→ **Exercise**:
An exact copy of the entries is required, with every image omitted.

→ **Extracted data**:
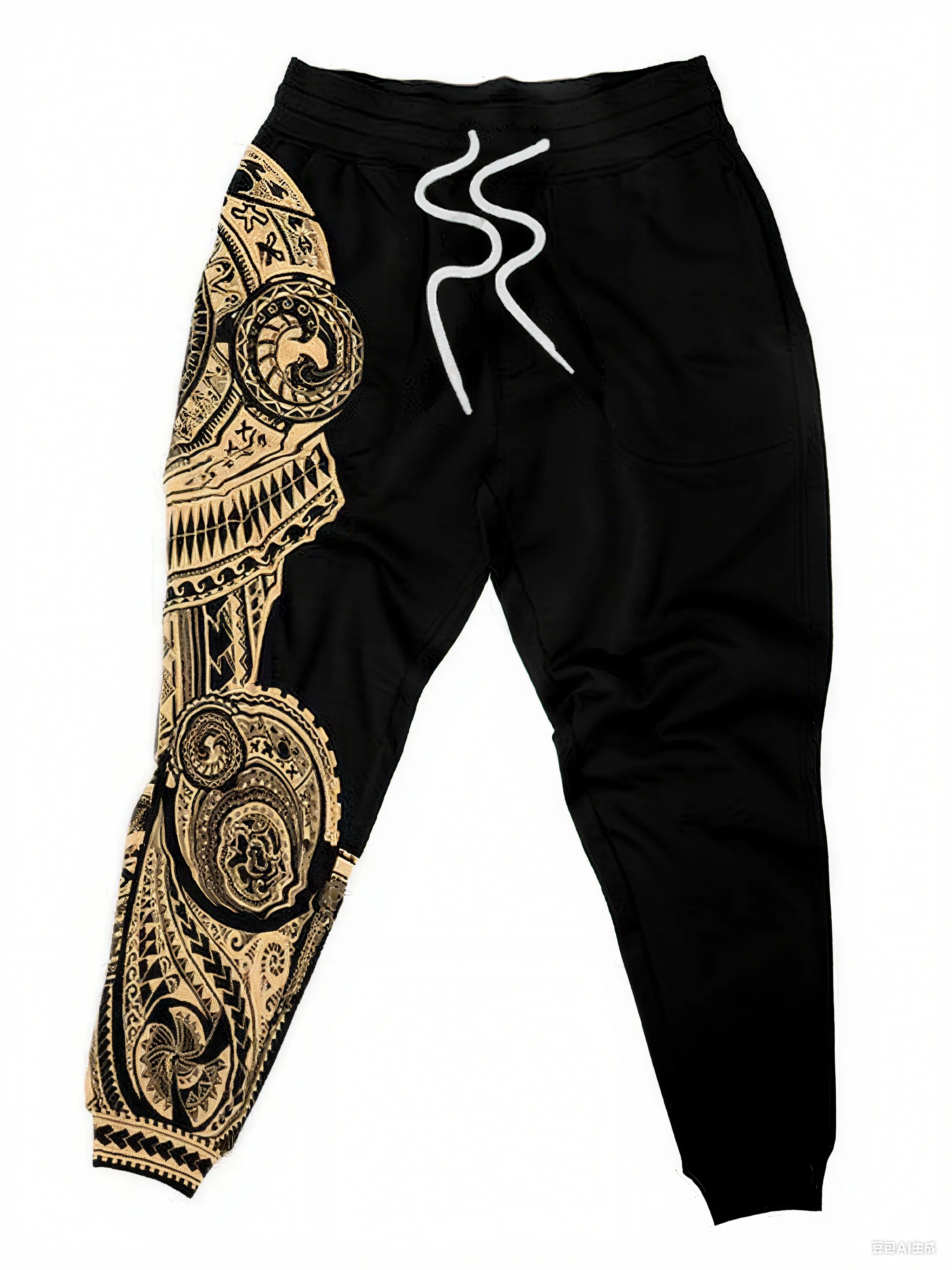 Men's Big and Tall Gold Polynesian Unisex Hoodie Set sold by Biggmans product image thumbnail 3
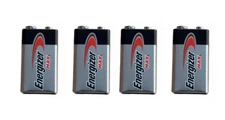 Energizer MAX (4-Pack) 9v Alkaline Batteries 12/31/2028 Expiration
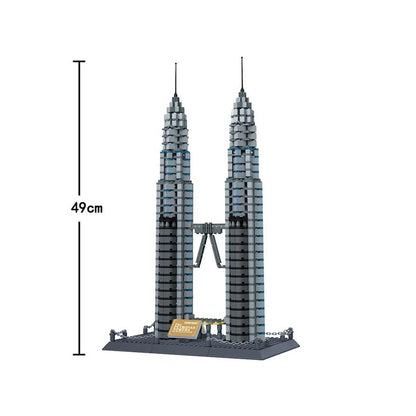 Wange Petronas Twin Towers 1158 Piece Building Block Set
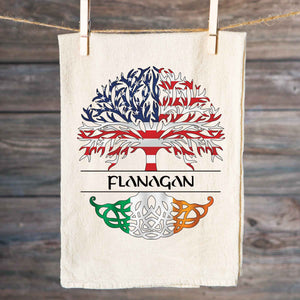Personalized American Born Tea Towel - Creative Irish Gifts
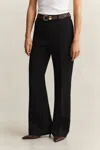 Gant Flared Slacks In Black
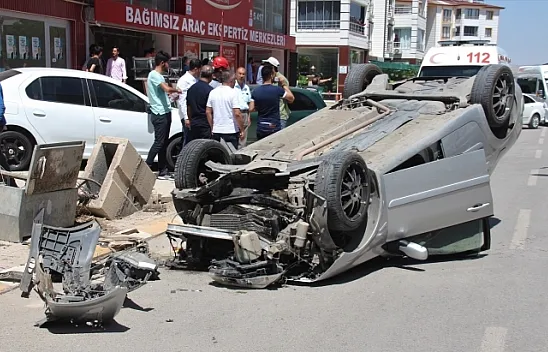 Otomobil takla attı: Çok sayıda yaralı var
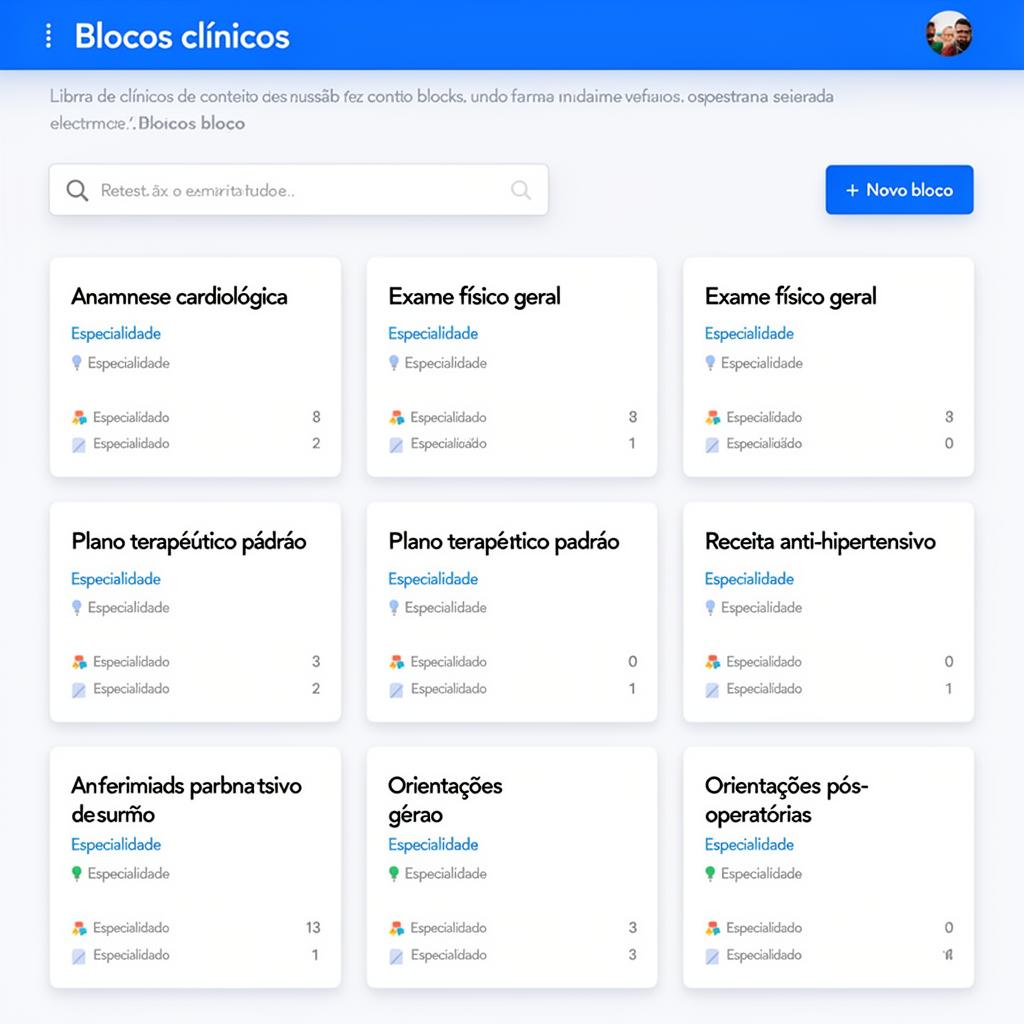 Biblioteca de blocos clínicos reutilizáveis do MedNext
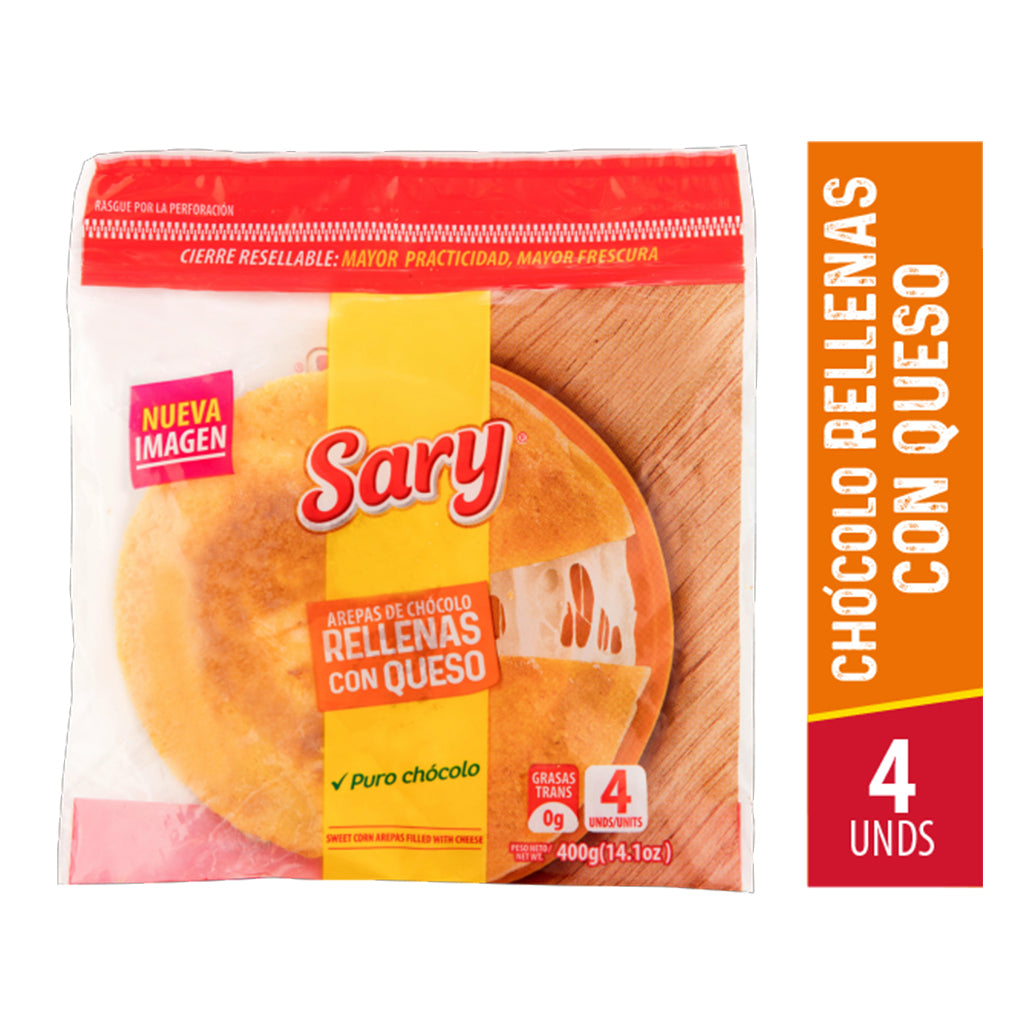 Sweet Corn Arepa filled with Cheese x4 (400g)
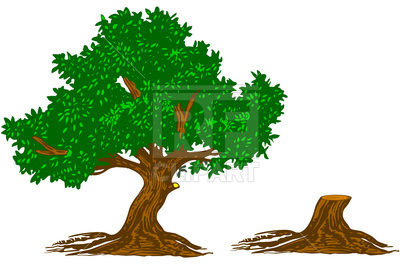 400x265 Tree And Stump Free Download Vector Clip Art Image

→ **Solution to the problem**:
 Men's Big and Tall Gold Polynesian Unisex Hoodie Set sold by Biggmans product image thumbnail 3
 Energizer MAX (4-Pack) 9v Alkaline Batteries 12/31/2028 Expiration
 Wange Petronas Twin Towers 1158 Piece Building Block Set
Personalized American Born Tea Towel - Creative Irish Gifts
 Gant Flared Slacks In Black
 Otomobil takla attı: Çok sayıda yaralı var
 Biblioteca de blocos clínicos reutilizáveis do MedNext
 Sweet Corn Arepa filled with Cheese x4 (400g)
 400x265 Tree And Stump Free Download Vector Clip Art Image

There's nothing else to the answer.